Oklahoma Officials Working to End Earthquakes Say it Will Take Time
It could take up to another year of research to determine what has caused a recent series of Oklahoma earthquakes and whether the state is doing enough to stop them, officials said Tuesday.
After meeting with members of the Coordinating Council on Seismic Activity, a panel she appointed last year to study the issue, Gov. Mary Fallin urged homeowners concerned about the safety of their homes to purchase private earthquake insurance. Asked by reporters if her administration was doing enough to end the threat, Fallin said: “We’re sure trying to.”
Secretary of Energy and Environment Michael Teague, who leads the panel, said it could take between six months and a year to determine the effectiveness of new regulations aimed at reducing the earthquakes. The Oklahoma Corporation Commission, which regulates the oil and gas industry, has placed hundreds of disposal wells under scrutiny and ordered their operators to make changes in the wells’ depth and volume to determine whether they are triggering earthquakes.
“We’ve come a long way, but we’re not there yet,” Teague said.
In a report released in April, the Oklahoma Geological Survey said it is “very likely” most of the state’s recent earthquakes were triggered by the subsurface injection of wastewater from oil and natural gas drilling operations.
The report said geologists historically recorded an average of 1.5 earthquakes of magnitude 3 or greater each year in the state, a figure that has dramatically increased in recent years to an average of 2.5 of that size each day. There were 585 such earthquakes in Oklahoma last year and more than 540 through the first seven months of this year, according to federal geologists.

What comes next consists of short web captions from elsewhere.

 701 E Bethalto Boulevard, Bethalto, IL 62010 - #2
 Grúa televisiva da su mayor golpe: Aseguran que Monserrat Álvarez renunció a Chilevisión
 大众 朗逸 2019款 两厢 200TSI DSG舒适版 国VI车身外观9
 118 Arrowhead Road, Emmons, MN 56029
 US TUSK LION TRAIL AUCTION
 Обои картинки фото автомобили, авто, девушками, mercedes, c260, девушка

Tim Baker of the Corporation Commission said the oil and gas industry has been “100 percent cooperative” as regulators attempt to pinpoint the cause of the earthquakes. Officials said about 140 disposal wells have shut down to make changes mandated by the commission. Most are back in operation but some have remained closed.
On Monday, the commission ordered the operators of about two dozen disposal wells in central Oklahoma northeast of Oklahoma City to cut their injection volumes below 2012 levels to address heightened earthquake activity in the area.

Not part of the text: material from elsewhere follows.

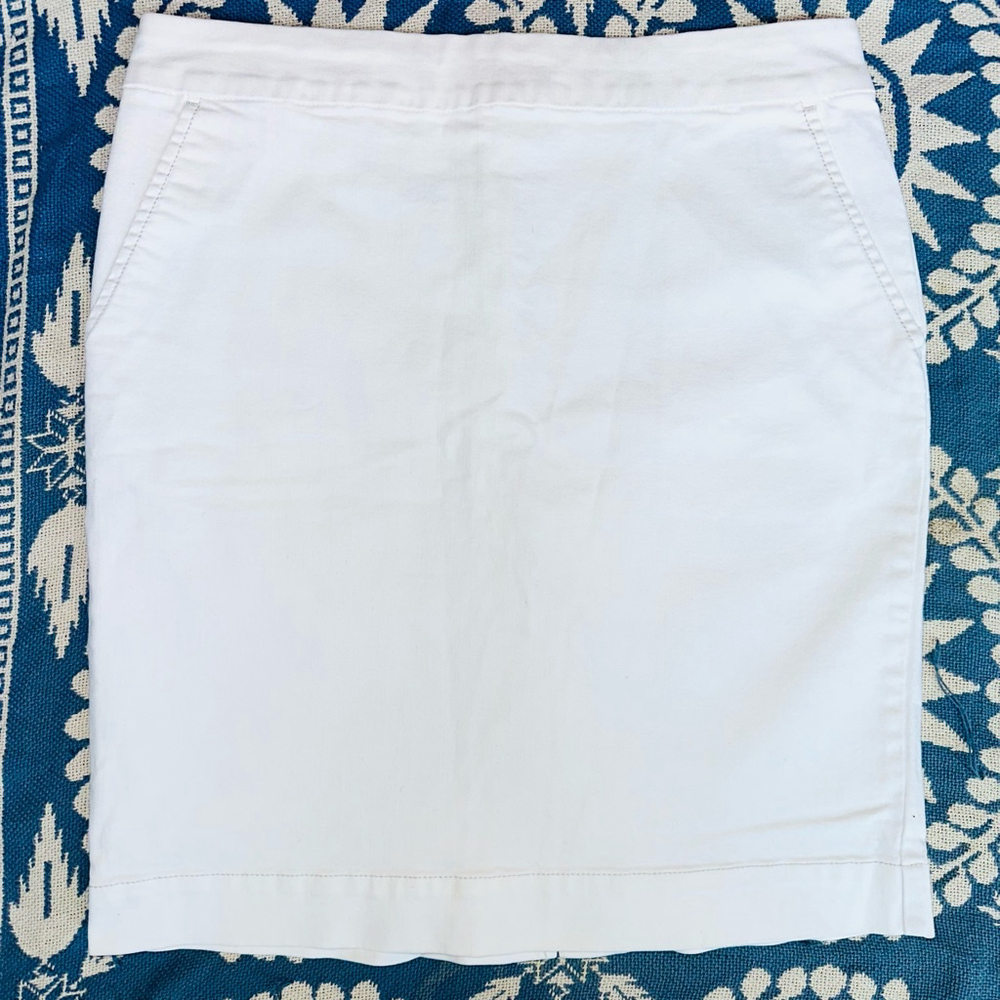 NWOT Women’s Size 12 LL Bean Signature Series White Denim Jean Straight Skirt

Fallin’s spokesman, Alex Weintz, said the governor formed the coordinating council to focus attention on the issue and encourage the exchange of information among regulators, geologists, academics and the oil and gas industry. He said the governor has no legal authority to regulate wastewater disposal wells.
“What the governor has is a bully pulpit which she can use to talk about the issue,” Weintz said.